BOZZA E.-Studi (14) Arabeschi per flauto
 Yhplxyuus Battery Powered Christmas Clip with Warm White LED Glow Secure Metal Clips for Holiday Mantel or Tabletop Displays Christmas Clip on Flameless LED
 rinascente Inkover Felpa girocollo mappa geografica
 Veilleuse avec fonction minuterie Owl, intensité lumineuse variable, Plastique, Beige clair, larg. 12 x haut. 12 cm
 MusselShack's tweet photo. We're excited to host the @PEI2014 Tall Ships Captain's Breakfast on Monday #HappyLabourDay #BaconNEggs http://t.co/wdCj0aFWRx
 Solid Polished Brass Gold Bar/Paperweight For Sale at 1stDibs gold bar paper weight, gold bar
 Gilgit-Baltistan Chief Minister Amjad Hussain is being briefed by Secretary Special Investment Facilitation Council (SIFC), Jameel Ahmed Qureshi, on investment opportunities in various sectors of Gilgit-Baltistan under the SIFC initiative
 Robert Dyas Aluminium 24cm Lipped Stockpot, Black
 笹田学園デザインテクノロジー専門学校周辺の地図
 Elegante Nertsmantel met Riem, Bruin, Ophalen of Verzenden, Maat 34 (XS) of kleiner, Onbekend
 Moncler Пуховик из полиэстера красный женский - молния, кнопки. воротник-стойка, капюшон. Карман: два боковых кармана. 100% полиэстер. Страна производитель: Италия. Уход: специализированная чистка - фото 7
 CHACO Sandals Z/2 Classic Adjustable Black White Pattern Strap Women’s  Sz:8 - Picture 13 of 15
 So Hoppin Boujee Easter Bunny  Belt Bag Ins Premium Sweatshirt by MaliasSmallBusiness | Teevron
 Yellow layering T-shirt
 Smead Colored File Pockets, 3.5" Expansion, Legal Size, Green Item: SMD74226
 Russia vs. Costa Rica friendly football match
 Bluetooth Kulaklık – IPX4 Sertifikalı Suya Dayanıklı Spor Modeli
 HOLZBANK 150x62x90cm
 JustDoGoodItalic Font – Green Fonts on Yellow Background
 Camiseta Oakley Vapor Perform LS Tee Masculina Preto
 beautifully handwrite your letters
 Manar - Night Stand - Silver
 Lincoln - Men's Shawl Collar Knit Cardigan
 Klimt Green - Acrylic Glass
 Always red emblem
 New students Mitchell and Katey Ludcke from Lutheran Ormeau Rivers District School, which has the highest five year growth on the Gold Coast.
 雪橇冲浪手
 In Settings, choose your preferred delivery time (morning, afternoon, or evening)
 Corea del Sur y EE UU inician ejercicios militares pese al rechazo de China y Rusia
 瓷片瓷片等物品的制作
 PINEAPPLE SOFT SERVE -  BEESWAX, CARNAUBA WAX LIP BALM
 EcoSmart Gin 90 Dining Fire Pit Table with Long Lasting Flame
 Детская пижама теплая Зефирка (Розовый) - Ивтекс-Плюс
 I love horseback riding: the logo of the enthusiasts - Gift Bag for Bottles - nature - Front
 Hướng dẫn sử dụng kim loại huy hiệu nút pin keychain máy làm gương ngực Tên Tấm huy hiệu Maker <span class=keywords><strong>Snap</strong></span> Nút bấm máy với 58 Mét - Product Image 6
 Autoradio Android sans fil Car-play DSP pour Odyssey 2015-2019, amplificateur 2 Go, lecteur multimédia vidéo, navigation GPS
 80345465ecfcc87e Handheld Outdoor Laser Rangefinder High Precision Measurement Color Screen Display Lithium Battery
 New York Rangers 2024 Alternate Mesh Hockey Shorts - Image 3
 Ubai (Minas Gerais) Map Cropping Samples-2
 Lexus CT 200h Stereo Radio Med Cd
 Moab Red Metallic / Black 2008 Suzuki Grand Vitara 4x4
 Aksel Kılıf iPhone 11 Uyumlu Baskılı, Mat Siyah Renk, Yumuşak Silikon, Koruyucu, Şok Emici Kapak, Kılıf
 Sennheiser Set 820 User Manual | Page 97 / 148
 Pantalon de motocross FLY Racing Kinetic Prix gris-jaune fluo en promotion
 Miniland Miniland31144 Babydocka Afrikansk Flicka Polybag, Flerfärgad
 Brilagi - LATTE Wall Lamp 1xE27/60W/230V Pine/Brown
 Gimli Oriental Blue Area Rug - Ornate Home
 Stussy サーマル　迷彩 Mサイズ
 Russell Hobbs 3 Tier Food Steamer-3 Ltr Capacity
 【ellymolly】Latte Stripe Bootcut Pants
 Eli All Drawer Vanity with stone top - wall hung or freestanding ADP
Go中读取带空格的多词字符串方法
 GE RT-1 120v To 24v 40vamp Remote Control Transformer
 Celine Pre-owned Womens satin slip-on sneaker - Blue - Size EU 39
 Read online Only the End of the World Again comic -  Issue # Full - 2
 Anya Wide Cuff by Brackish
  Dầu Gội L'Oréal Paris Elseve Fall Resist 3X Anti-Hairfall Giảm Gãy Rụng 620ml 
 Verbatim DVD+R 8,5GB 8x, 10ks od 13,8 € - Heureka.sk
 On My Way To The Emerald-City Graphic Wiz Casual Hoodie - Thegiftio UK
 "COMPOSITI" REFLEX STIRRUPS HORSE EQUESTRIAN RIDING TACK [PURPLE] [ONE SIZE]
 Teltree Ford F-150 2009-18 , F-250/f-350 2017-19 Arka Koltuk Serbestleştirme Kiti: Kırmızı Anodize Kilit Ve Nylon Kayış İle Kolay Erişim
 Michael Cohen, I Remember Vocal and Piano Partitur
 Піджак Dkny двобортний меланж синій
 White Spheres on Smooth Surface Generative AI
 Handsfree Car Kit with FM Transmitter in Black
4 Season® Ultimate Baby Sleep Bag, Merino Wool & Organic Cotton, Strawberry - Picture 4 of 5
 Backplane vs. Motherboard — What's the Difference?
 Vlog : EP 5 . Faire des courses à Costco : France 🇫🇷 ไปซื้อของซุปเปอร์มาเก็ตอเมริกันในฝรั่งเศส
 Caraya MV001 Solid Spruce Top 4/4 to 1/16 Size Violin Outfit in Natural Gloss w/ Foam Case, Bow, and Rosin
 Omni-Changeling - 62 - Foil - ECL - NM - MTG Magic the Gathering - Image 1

--- WORK TO BE COMPLETED ---
Reproduce the lines of the entries above from the one with "Autoradio Android sans" to the one with "New York Rangers", both included, exactly and without any other line.

--- RESPONSE TO THE EXERCISE ---
 Autoradio Android sans fil Car-play DSP pour Odyssey 2015-2019, amplificateur 2 Go, lecteur multimédia vidéo, navigation GPS
 80345465ecfcc87e Handheld Outdoor Laser Rangefinder High Precision Measurement Color Screen Display Lithium Battery
 New York Rangers 2024 Alternate Mesh Hockey Shorts - Image 3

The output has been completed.